▶ Task directions
A word-for-word copy of the following listing is needed. Leave out its images.

▶ Provided material

----

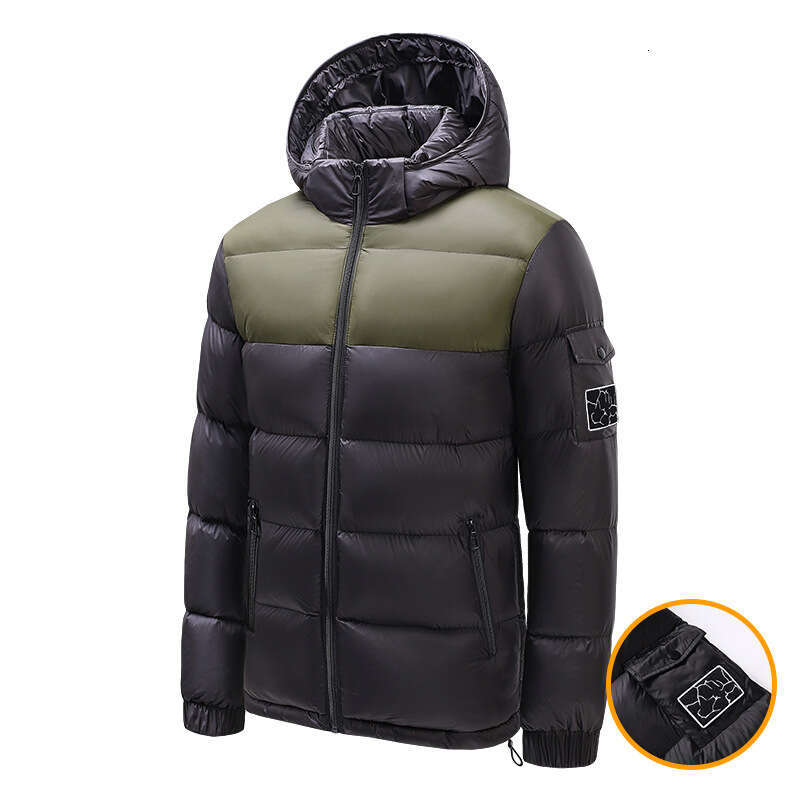 Mens Designer Fashion Puffer vest Jacket With Removable Sleeves coat Technical Parkas Winter Jacket Luxury Letter Plaid Warm down UK windproof materia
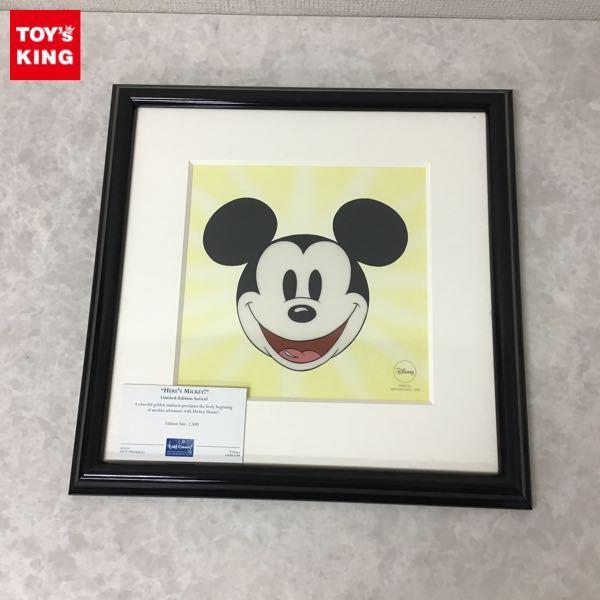 ディズニー セル画 ミッキーマウス 真作】【WISH】ウォルト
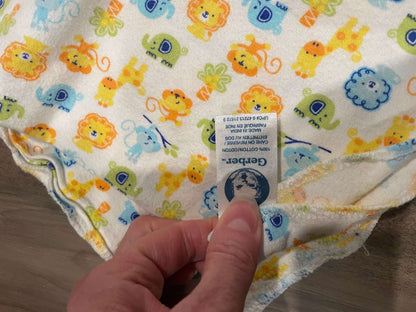 Gerber receiving blanket ls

----

▶ Result of the task
 Mens Designer Fashion Puffer vest Jacket With Removable Sleeves coat Technical Parkas Winter Jacket Luxury Letter Plaid Warm down UK windproof materia
 ディズニー セル画 ミッキーマウス 真作】【WISH】ウォルト
 Gerber receiving blanket ls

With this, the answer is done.